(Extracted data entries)
══════════
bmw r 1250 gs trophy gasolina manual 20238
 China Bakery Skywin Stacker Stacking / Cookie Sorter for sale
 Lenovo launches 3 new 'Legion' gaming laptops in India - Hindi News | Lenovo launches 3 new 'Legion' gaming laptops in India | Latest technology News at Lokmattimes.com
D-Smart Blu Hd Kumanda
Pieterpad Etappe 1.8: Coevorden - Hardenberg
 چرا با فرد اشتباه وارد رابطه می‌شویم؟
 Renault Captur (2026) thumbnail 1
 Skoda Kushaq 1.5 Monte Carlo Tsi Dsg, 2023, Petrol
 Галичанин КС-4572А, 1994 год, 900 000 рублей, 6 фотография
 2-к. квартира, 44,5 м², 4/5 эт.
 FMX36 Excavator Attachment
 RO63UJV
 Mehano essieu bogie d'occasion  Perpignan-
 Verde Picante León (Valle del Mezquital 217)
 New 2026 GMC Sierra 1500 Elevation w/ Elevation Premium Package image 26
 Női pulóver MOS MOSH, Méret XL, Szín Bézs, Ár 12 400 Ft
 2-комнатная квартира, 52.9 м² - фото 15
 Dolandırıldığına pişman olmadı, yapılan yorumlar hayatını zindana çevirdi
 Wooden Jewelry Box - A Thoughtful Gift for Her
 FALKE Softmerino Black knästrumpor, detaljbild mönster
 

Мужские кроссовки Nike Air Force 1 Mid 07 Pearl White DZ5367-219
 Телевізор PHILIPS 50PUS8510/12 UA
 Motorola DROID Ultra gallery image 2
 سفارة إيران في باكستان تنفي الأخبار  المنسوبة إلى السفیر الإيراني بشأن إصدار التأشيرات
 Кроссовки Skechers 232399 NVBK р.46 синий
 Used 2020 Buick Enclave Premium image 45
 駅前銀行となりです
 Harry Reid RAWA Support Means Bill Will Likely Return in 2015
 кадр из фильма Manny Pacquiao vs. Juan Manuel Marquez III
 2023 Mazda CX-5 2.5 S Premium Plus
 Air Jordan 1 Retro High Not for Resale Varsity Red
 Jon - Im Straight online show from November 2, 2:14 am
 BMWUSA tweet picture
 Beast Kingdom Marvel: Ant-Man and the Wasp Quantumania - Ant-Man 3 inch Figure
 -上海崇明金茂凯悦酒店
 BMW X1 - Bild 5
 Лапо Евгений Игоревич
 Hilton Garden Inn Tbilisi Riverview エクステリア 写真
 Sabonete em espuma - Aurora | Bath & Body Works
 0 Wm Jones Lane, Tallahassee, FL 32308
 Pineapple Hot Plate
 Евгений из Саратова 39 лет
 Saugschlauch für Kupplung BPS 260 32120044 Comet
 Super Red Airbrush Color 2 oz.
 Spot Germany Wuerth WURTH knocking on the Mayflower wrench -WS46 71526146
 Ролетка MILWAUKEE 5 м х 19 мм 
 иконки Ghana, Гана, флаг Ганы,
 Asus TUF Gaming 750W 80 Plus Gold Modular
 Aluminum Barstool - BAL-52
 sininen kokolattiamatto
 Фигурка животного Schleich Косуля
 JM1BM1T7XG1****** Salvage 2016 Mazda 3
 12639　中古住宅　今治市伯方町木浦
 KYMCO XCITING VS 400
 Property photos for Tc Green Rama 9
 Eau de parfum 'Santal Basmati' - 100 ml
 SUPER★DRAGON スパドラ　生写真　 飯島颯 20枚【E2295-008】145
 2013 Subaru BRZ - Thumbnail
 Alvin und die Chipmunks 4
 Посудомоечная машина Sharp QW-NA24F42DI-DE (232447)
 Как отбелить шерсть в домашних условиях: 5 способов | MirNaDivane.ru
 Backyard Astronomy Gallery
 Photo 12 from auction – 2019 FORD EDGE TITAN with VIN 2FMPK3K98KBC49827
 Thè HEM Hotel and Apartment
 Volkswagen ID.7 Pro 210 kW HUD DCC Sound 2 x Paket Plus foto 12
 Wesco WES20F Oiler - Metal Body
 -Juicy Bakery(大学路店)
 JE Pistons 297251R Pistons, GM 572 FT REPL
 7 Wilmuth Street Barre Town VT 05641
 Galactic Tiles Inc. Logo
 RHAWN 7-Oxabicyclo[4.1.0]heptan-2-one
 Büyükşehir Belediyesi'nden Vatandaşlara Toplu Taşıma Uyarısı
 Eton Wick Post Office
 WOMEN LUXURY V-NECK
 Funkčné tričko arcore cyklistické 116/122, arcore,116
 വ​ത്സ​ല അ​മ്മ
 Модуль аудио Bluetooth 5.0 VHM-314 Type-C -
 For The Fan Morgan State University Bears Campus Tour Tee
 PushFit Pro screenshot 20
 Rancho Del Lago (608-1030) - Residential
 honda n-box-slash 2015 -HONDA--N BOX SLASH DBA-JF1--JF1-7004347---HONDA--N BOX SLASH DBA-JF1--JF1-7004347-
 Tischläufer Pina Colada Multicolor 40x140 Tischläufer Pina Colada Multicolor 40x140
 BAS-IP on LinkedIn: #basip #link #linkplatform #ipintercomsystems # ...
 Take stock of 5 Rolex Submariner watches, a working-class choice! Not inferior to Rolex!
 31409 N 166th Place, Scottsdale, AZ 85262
══════════
THE PROBLEM
Reproduce each line, exactly as it appears, from the one that contains "-Juicy Bakery(大学路店)" through the last line of the records. Add no other lines.

SOLUTION TO THE PROBLEM
 -Juicy Bakery(大学路店)
 JE Pistons 297251R Pistons, GM 572 FT REPL
 7 Wilmuth Street Barre Town VT 05641
 Galactic Tiles Inc. Logo
 RHAWN 7-Oxabicyclo[4.1.0]heptan-2-one
 Büyükşehir Belediyesi'nden Vatandaşlara Toplu Taşıma Uyarısı
 Eton Wick Post Office
 WOMEN LUXURY V-NECK
 Funkčné tričko arcore cyklistické 116/122, arcore,116
 വ​ത്സ​ല അ​മ്മ
 Модуль аудио Bluetooth 5.0 VHM-314 Type-C -
 For The Fan Morgan State University Bears Campus Tour Tee
 PushFit Pro screenshot 20
 Rancho Del Lago (608-1030) - Residential
 honda n-box-slash 2015 -HONDA--N BOX SLASH DBA-JF1--JF1-7004347---HONDA--N BOX SLASH DBA-JF1--JF1-7004347-
 Tischläufer Pina Colada Multicolor 40x140 Tischläufer Pina Colada Multicolor 40x140
 BAS-IP on LinkedIn: #basip #link #linkplatform #ipintercomsystems # ...
 Take stock of 5 Rolex Submariner watches, a working-class choice! Not inferior to Rolex!
 31409 N 166th Place, Scottsdale, AZ 85262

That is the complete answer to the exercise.